Over 100 days have passed since Donald Trump launched his new tariff policy, calling it a "Liberation Day." This period allows for analysis of how the US approach is changing global trade.
International media call the new system one of imperialist preferences: countries that import more from the US receive lower tariffs, while those exporting more to the US pay higher rates. For example, Brazil was hit with a 50% tariff, but Brazilian coffee found a new market in China. Such news regularly appears in world media.
Canada has come under pressure over its potential recognition of Palestine, and the US has imposed 35% tariffs even on countries with established trade deals. EU countries and other allies often accept new obligations to avoid harsher terms, but the effects are palpable—higher prices and new costs for business.
The average US tariff rate has already jumped to 18%—an eightfold increase over a year.
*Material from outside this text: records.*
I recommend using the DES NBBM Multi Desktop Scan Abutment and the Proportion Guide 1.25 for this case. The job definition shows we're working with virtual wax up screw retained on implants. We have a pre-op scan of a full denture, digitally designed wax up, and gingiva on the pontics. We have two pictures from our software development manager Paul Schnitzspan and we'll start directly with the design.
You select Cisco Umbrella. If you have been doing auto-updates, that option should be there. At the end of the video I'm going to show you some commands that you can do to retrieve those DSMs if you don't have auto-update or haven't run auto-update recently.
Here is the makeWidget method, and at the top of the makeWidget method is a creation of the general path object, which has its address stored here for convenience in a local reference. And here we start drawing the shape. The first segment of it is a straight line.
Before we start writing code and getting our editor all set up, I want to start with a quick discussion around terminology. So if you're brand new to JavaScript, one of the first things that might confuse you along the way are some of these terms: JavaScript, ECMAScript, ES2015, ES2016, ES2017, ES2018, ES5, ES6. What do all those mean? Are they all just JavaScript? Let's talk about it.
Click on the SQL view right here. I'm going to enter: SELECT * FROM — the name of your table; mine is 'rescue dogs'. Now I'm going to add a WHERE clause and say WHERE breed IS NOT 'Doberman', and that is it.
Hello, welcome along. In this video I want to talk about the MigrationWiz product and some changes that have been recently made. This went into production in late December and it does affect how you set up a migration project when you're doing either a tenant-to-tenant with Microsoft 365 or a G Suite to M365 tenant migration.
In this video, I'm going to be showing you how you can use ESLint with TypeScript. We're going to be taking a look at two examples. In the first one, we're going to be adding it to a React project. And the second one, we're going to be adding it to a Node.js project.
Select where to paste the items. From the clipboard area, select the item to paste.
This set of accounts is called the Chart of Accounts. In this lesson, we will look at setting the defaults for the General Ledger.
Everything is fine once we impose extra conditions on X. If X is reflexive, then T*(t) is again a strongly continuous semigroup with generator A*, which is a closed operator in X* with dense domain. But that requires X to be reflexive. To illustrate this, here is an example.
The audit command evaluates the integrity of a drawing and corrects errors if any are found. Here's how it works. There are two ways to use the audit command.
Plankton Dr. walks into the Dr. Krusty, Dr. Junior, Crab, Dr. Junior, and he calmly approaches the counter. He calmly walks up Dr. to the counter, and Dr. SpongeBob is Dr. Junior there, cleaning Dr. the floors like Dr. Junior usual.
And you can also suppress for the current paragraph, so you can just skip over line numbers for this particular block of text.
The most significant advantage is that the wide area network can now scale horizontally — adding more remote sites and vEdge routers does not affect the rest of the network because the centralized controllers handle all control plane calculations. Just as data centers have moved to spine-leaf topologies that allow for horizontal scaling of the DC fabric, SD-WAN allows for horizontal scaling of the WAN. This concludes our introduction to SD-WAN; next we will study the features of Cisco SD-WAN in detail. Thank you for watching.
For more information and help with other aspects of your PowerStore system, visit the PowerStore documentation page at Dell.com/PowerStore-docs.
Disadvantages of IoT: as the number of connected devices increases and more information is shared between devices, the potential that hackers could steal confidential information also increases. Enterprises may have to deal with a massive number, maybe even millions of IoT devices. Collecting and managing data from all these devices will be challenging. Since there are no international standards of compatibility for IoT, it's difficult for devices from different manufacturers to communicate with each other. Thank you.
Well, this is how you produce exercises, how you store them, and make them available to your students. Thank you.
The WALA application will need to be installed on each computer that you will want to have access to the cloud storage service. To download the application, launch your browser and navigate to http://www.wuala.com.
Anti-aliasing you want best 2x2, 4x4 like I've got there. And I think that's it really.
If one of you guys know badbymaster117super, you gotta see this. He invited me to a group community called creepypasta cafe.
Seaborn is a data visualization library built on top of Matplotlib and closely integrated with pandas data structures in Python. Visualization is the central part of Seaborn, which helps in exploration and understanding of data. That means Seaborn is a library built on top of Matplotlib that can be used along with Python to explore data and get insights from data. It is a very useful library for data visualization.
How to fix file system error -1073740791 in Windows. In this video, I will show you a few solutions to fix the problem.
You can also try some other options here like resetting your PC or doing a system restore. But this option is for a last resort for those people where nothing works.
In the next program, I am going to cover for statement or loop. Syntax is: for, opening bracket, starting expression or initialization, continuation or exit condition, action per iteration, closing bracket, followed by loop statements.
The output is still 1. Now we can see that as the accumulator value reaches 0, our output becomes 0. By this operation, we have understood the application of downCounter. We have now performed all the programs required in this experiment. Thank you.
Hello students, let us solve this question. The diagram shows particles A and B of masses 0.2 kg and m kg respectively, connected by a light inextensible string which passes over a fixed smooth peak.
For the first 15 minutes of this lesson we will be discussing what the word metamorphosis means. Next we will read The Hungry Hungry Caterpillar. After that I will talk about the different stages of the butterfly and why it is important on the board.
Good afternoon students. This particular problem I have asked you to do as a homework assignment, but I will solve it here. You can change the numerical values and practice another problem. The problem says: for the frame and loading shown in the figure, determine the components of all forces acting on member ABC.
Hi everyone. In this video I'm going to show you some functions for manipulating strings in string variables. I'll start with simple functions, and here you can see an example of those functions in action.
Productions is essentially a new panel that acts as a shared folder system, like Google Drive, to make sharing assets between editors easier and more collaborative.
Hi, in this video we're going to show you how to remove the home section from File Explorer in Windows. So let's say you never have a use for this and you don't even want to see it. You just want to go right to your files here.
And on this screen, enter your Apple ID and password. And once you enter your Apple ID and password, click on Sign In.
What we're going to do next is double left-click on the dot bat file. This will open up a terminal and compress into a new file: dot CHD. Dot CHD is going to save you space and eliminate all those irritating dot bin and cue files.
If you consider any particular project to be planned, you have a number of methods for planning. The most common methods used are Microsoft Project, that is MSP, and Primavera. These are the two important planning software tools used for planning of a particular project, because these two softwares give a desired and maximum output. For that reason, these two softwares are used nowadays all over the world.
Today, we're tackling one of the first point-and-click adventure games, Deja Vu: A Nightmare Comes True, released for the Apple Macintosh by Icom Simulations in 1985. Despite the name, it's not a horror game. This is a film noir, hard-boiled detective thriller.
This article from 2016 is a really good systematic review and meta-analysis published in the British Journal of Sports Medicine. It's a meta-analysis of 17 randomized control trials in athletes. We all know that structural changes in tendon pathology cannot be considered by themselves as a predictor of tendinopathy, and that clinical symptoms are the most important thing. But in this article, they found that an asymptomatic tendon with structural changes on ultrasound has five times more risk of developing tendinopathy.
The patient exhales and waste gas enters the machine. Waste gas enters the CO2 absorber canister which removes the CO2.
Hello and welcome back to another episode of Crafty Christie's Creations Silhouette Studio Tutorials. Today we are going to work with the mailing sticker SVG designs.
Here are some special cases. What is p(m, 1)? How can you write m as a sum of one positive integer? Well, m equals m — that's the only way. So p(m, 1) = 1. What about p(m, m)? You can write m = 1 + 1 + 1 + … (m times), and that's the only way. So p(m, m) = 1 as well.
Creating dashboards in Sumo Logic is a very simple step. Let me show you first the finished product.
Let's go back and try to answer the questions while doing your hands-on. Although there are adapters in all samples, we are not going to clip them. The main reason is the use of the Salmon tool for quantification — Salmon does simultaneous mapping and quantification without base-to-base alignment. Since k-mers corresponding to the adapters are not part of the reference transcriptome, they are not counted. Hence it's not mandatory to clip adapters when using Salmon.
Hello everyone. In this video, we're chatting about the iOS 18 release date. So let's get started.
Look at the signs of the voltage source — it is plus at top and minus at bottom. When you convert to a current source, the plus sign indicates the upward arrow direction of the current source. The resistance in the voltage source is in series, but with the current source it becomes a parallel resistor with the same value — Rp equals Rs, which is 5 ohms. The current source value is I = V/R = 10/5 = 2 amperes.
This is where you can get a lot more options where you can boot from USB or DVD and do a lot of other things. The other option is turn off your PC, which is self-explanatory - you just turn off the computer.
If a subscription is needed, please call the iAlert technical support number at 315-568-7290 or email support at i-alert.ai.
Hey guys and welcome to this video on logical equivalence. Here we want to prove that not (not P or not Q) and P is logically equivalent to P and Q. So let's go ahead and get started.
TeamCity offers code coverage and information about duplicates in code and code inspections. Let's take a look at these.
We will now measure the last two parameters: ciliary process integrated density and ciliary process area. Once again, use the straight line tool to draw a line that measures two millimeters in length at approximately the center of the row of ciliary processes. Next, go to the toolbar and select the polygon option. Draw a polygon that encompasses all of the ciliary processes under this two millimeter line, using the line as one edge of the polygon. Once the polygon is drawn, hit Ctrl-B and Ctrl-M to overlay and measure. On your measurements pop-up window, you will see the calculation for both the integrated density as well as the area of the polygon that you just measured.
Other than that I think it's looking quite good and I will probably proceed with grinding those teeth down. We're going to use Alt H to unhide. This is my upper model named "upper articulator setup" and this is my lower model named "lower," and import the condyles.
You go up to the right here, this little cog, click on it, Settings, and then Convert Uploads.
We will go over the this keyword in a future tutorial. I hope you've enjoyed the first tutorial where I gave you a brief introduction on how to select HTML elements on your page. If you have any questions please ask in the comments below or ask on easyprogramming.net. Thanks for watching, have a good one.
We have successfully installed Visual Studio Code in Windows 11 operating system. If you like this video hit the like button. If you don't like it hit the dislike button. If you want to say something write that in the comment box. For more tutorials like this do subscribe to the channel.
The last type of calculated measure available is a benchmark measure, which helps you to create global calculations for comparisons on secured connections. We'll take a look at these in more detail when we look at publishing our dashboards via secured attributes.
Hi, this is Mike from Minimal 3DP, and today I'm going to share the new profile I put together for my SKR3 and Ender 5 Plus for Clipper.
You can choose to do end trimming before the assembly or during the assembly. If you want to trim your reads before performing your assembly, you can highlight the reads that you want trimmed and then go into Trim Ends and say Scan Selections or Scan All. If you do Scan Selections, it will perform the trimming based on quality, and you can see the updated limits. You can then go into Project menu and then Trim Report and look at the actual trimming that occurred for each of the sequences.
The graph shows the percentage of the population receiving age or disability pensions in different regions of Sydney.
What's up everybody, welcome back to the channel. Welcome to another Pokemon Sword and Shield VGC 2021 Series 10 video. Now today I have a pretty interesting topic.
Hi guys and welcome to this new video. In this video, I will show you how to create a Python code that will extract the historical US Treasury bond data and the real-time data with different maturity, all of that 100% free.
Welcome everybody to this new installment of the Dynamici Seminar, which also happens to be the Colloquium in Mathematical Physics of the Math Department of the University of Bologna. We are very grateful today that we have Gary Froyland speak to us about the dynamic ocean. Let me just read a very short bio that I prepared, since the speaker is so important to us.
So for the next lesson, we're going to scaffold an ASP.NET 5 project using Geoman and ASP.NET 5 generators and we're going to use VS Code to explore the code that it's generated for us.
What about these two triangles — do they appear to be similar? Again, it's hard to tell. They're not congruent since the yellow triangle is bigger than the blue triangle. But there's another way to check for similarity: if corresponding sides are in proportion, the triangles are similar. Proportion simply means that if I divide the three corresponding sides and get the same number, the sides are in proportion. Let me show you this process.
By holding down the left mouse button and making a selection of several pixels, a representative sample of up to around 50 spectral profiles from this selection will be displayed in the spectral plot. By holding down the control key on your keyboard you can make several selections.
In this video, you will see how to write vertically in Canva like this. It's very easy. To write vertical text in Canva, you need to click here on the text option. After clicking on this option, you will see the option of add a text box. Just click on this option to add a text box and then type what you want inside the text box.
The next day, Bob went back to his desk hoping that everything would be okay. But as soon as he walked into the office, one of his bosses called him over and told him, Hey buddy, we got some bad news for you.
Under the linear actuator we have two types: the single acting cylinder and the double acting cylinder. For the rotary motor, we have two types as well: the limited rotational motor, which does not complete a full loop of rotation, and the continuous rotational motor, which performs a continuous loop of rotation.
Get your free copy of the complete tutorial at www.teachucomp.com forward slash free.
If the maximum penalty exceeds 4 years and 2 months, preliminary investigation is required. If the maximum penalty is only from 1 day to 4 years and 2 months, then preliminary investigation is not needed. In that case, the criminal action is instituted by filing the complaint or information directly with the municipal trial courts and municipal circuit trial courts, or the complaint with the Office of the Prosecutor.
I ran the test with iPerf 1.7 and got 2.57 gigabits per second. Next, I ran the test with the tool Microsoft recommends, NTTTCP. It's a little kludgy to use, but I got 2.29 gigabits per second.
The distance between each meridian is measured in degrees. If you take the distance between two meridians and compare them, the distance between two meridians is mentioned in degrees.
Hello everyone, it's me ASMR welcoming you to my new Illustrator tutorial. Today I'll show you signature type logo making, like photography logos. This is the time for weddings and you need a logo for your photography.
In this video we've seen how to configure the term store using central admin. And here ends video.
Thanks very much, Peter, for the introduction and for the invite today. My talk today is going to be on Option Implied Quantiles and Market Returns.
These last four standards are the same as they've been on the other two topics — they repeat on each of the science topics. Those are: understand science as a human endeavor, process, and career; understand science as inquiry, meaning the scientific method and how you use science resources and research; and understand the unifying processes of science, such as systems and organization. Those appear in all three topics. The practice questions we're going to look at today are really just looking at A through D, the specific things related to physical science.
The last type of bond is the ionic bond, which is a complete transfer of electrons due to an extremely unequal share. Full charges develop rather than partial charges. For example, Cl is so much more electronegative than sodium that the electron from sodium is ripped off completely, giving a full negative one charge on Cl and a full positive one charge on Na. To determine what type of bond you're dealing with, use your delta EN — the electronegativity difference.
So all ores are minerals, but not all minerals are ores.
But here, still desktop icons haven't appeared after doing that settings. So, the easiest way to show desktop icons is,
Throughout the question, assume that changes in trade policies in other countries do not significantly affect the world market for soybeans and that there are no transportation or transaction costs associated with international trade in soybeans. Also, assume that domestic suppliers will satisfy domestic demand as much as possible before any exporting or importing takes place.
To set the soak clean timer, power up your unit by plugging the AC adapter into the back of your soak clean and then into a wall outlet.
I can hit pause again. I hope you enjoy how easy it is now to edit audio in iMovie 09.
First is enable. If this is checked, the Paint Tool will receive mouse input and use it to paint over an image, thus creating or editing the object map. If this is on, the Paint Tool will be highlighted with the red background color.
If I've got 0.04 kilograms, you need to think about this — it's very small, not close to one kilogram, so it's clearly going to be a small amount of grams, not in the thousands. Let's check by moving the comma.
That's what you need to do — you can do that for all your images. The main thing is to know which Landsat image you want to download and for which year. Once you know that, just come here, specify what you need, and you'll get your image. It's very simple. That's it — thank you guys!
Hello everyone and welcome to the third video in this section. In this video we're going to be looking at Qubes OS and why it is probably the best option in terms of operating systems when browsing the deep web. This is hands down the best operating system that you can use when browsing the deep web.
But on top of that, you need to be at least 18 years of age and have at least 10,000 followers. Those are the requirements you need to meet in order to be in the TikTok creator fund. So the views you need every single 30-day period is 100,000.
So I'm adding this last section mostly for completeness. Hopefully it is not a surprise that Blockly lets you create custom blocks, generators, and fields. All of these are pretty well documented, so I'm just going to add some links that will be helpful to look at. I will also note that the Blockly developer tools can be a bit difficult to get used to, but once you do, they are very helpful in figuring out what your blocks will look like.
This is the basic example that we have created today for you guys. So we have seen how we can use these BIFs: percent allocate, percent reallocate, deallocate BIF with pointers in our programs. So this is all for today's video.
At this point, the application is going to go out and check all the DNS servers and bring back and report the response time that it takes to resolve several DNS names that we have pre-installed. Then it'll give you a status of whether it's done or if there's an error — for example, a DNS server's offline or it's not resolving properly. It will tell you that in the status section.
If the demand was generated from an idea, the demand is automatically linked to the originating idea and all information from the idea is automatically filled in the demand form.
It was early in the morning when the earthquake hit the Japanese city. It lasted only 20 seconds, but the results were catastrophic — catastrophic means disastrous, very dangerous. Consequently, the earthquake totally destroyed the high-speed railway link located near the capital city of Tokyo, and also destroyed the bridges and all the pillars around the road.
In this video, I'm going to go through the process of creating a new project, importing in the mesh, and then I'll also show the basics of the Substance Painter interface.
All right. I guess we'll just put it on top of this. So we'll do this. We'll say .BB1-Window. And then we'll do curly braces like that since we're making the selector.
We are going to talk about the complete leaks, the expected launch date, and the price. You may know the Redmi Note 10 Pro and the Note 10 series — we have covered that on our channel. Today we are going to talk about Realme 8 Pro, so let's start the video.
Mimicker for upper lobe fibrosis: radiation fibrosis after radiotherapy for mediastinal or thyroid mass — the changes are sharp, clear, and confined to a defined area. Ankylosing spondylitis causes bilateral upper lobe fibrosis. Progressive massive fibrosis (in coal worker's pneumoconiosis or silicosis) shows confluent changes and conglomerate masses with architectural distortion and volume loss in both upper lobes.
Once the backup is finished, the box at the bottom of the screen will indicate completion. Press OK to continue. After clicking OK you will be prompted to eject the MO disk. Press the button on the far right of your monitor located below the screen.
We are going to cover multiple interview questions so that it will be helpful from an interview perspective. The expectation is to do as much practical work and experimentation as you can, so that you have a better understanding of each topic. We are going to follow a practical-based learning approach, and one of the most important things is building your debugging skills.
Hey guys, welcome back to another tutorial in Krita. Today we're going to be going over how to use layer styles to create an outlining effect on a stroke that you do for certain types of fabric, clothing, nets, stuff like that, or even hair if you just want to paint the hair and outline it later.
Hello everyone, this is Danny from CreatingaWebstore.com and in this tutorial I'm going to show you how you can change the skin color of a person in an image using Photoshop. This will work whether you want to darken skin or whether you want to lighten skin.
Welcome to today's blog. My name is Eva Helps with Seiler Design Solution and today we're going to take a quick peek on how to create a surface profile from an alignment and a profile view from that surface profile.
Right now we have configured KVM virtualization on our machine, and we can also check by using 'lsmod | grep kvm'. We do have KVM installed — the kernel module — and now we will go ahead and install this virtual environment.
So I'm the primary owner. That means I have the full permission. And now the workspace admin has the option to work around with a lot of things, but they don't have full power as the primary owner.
If Trump carries out his full plan, tariffs could reach Depression-era levels. Revenue from tariffs adds to the US budget, but the burden falls mainly on American consumers and businesses. Analysts note that most of the cost is borne by them.
Many companies are looking to sidestep the new tariffs: changing countries of origin, relocating manufacturing, or exploiting loopholes in international protocols and bureaucracy. Examples include product reclassification or using long-standing agreements to reduce tariff exposure.
Meanwhile, the US economy continues to grow, driven especially by investments in artificial intelligence and technology, though market uncertainty persists. Both businesses and consumers are gradually feeling the impact of the new tariff policy.
The instability caused by shifting tariff rules and the president's ability to change them quickly pushes investors to seek safe assets like land acquisition. The author suggests investment as a way to preserve capital.
In summary, the new US tariff strategy may bring short-term gains but creates uncertainty and risk for the global economy.